Unzählige weitere Vorbilder zeigen, wie Aggression ohne Gewalt fruchtbar werden kann: Dietrich Bonhoeffer, Viktor E. Frankl, Mahatma Gandhi, Nelson Mandela, die Geschwister Scholl und viele andere. Gewaltfrei, aber klar, unablässig und wirkmächtig verfolgten sie ihr Ziel. Hingabe, Güte, Barmherzigkeit sowie Klarheit, Zielstrebigkeit und Hartnäckigkeit sind hier keine Gegensätze, sondern bilden die zwei Seiten ein und derselben Medaille. Beide gilt es zu kultivieren und zu fördern.
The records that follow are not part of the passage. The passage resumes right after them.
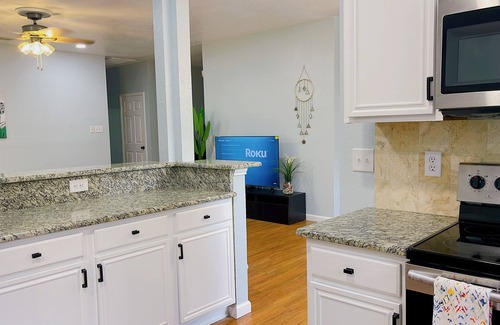 South Arlington Casa | Delight 4br2ba in Arlington. Family Friendly. Perfect for Corporate & Insurance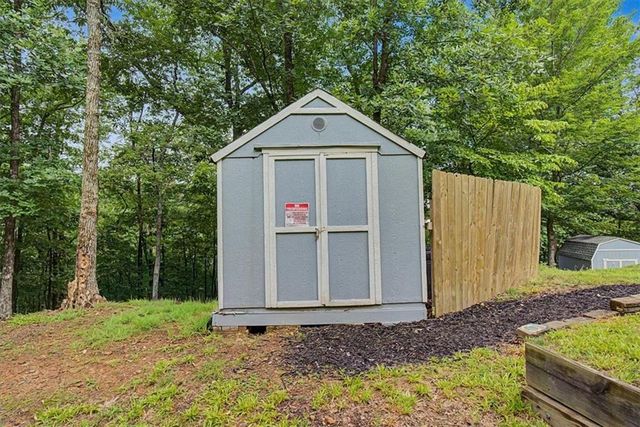 1002 Raccoon Ridge NE, Ranger, GA 30734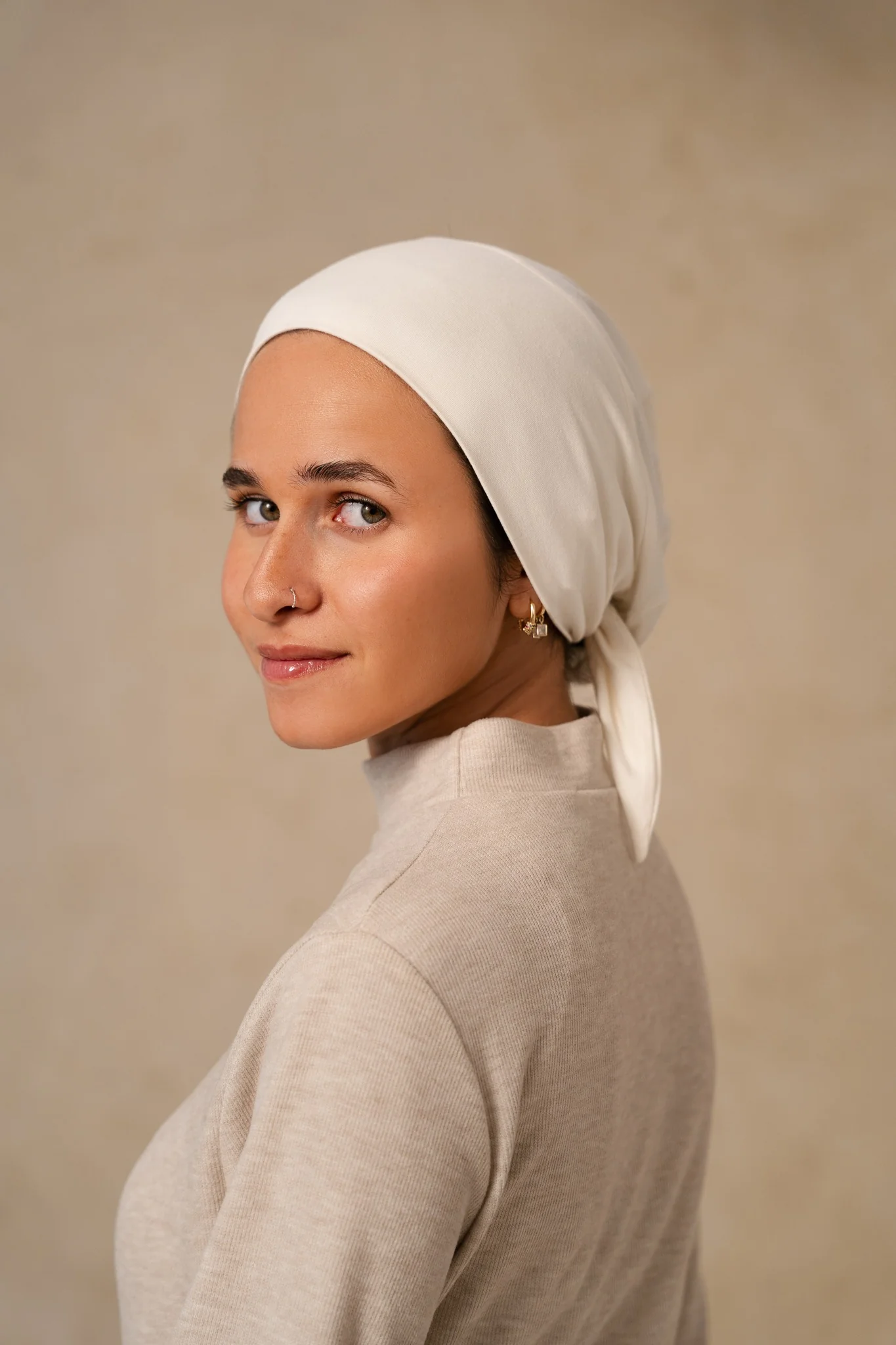White Undercap - Image 5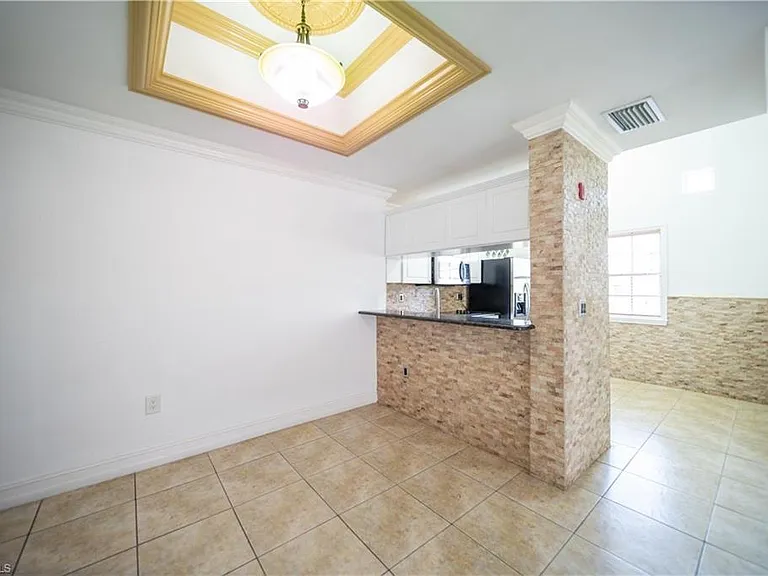 3407 Winkler Ave #304 — Photo 4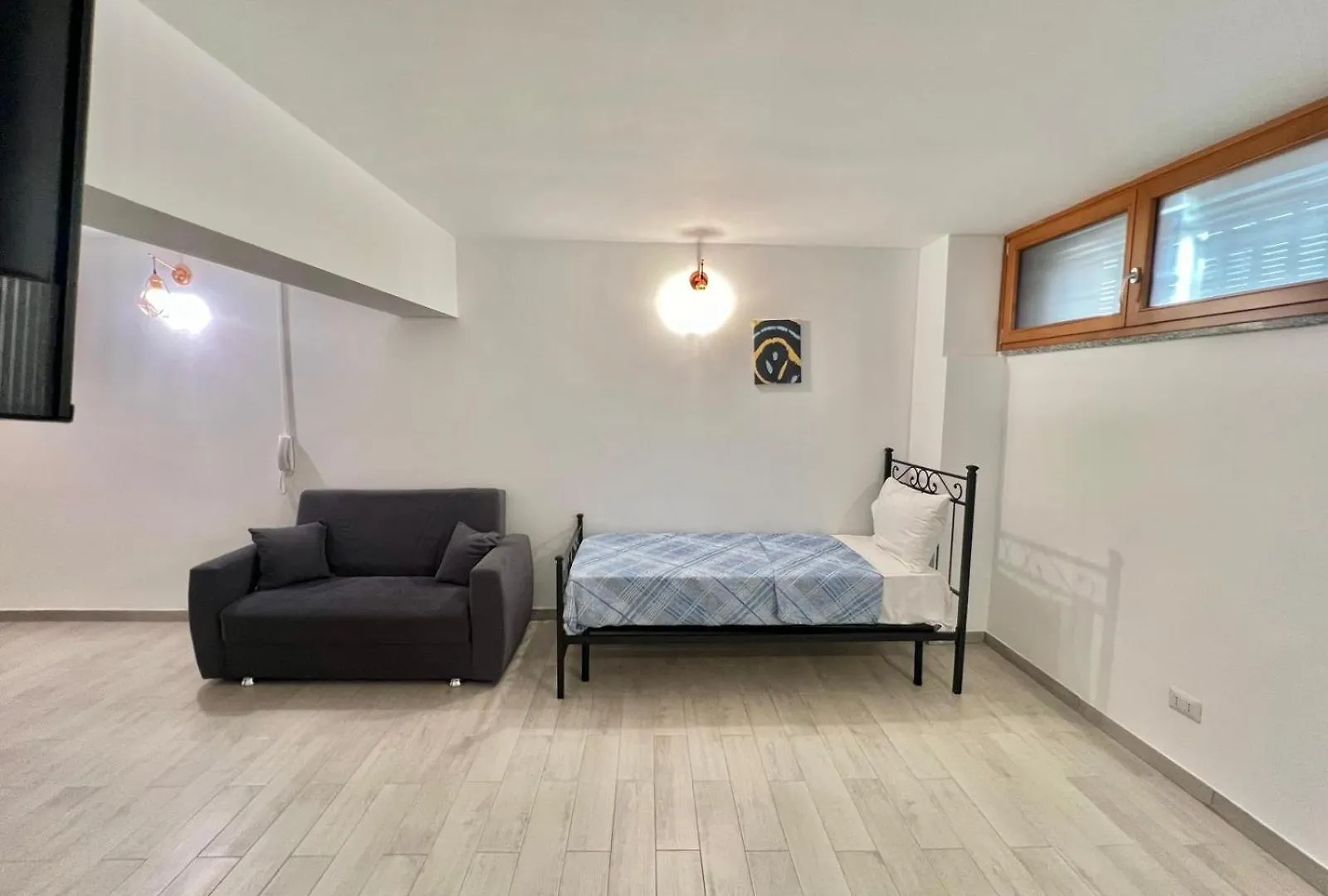 Abruzzi Home S&S, Graziosa, Accanto Metropolitana Verde Cologno Sud M2, Con Parcheggio Gratuito In Strada Cologno Monzese 0*,  Italy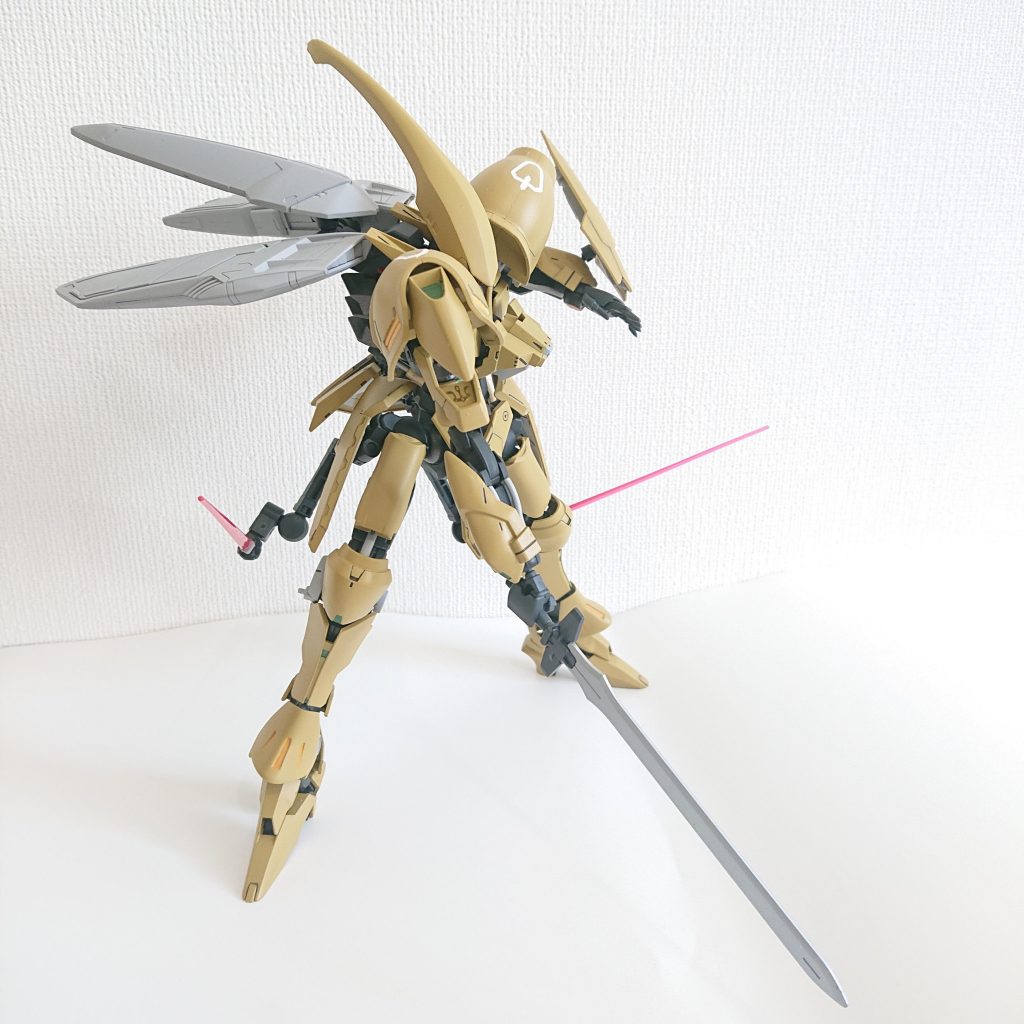 腰アーマーとフレームの空間が広く空いていたので、予定になかった隠し腕を入れました。膝横アーマーからビームサーベル装備します。
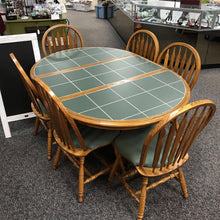 Load image into Gallery viewer, Kitchen Table (30x44) w/18" Leaf and 6 Chairs
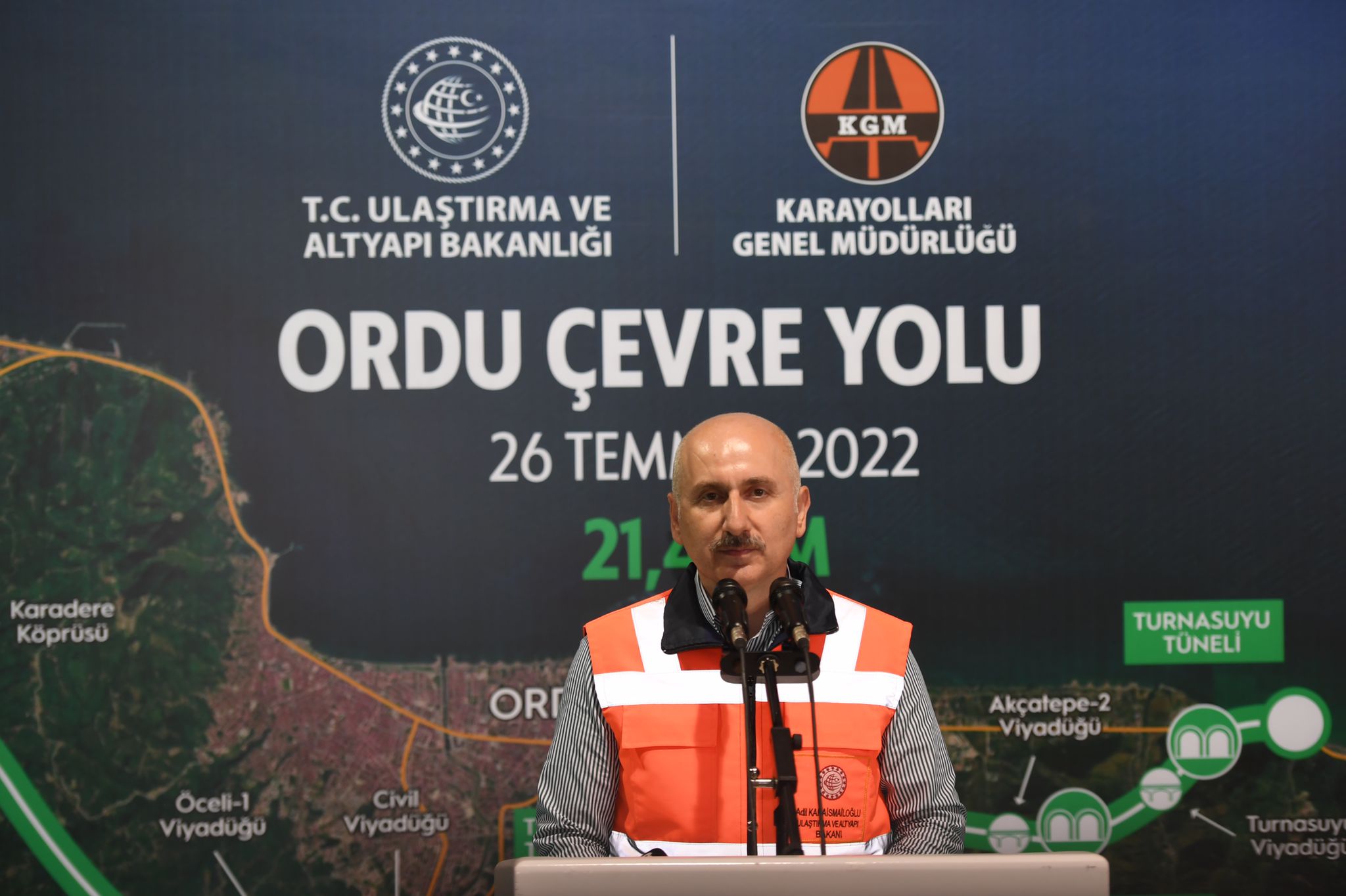 ULAŞTIRMA VE ALTYAPI BAKANI KARAİSMAİLOĞLU: -AKÇATEPE-1 TÜNELİ IŞIĞA KAVUŞTU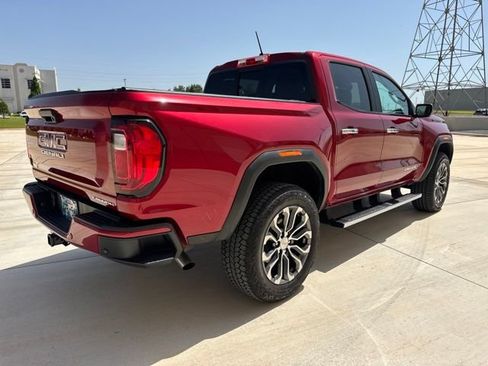 Used 2023 GMC Canyon Denali AWD/4WD image 5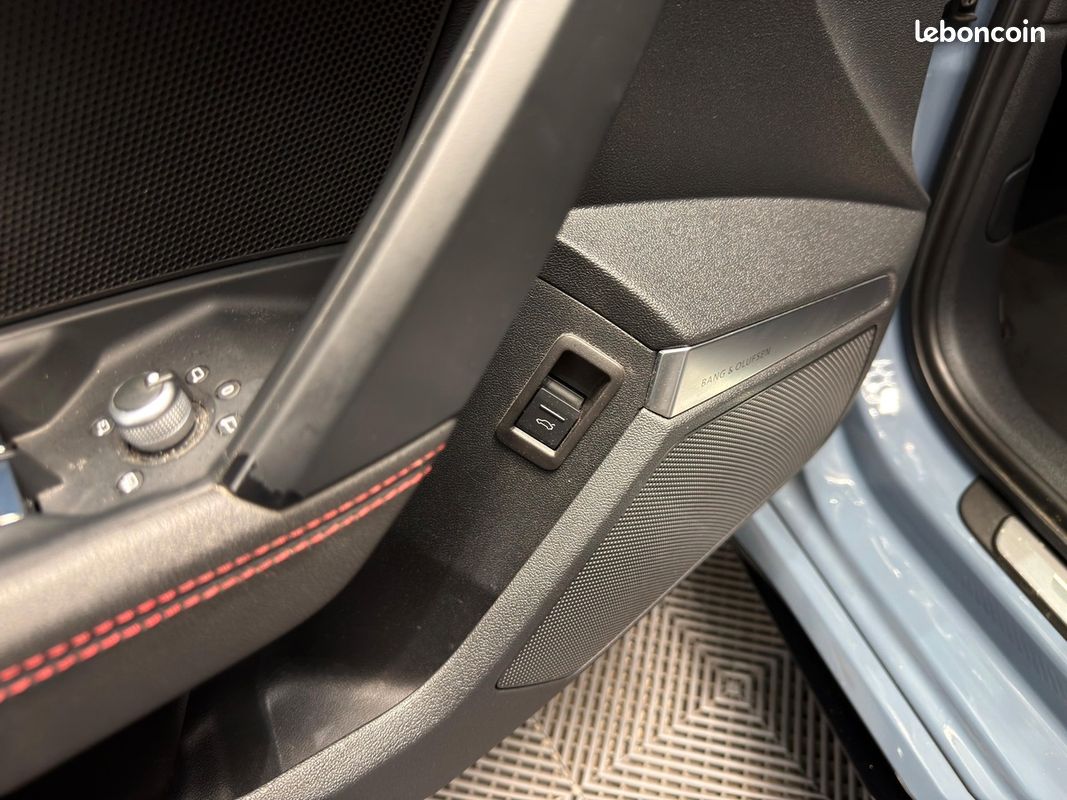 Audi RS3 III SPORTBACK 2.5 TFSI 400 QUATTRO S TRONIC FREINS CERAMIQUE - BANG&OLUFSEN - TOIT OUVRANT (image 24)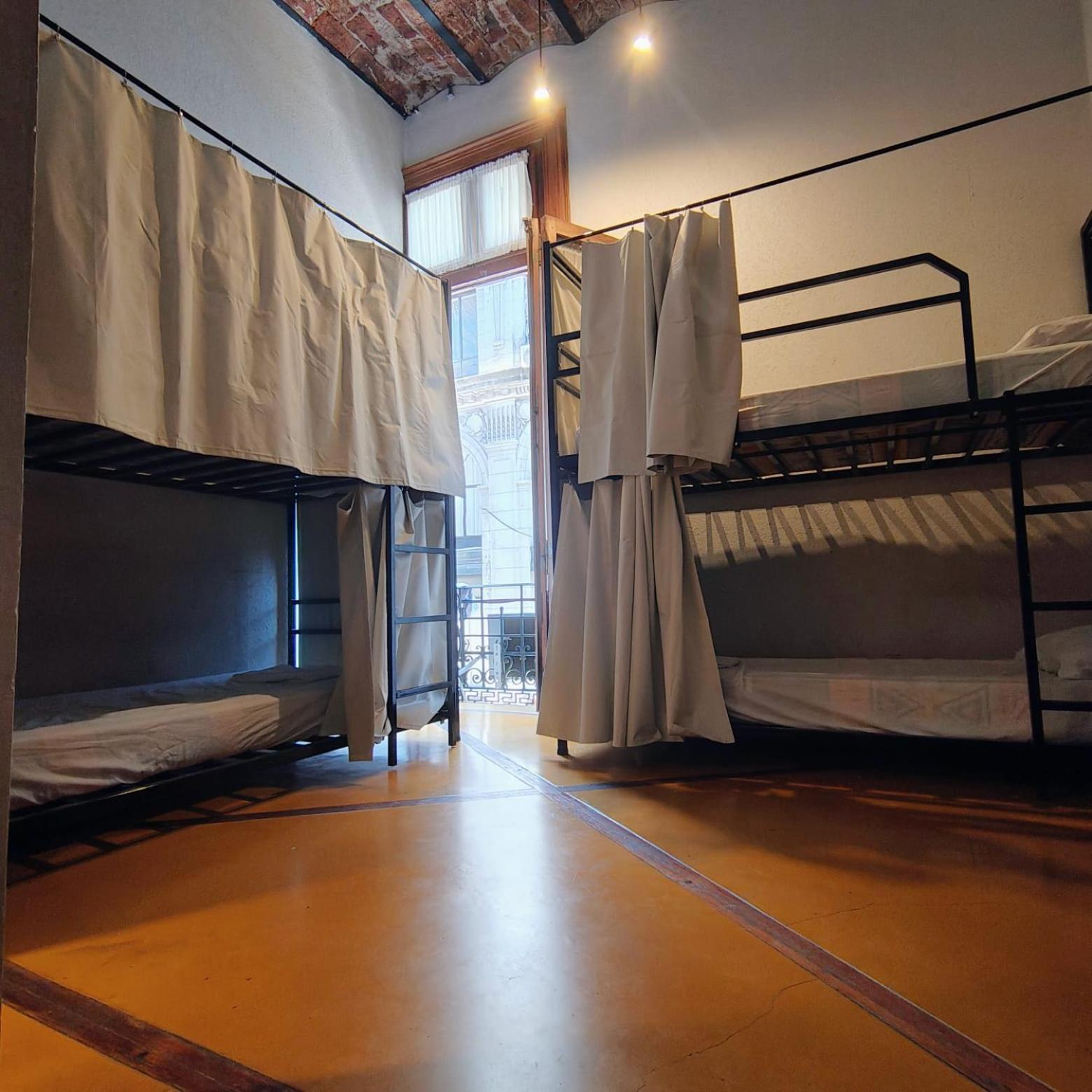 Hostel Parla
Ein gesundes aggressives Potential hilft uns als Männer, aus dem Möglichen in das konkrete JA des Lebens hineinzufinden.


  1. Teresa Suárez del Villar, Ausgewählte Aspekte der Theologie des Leibes, in: Surzykiewicz, Janusz u. a. (Hg.), Liebe, Leib und Leidenschaft. Personsein aus der Sicht der Theologie des Leibes, Sankt Ottilien 2016, S.167.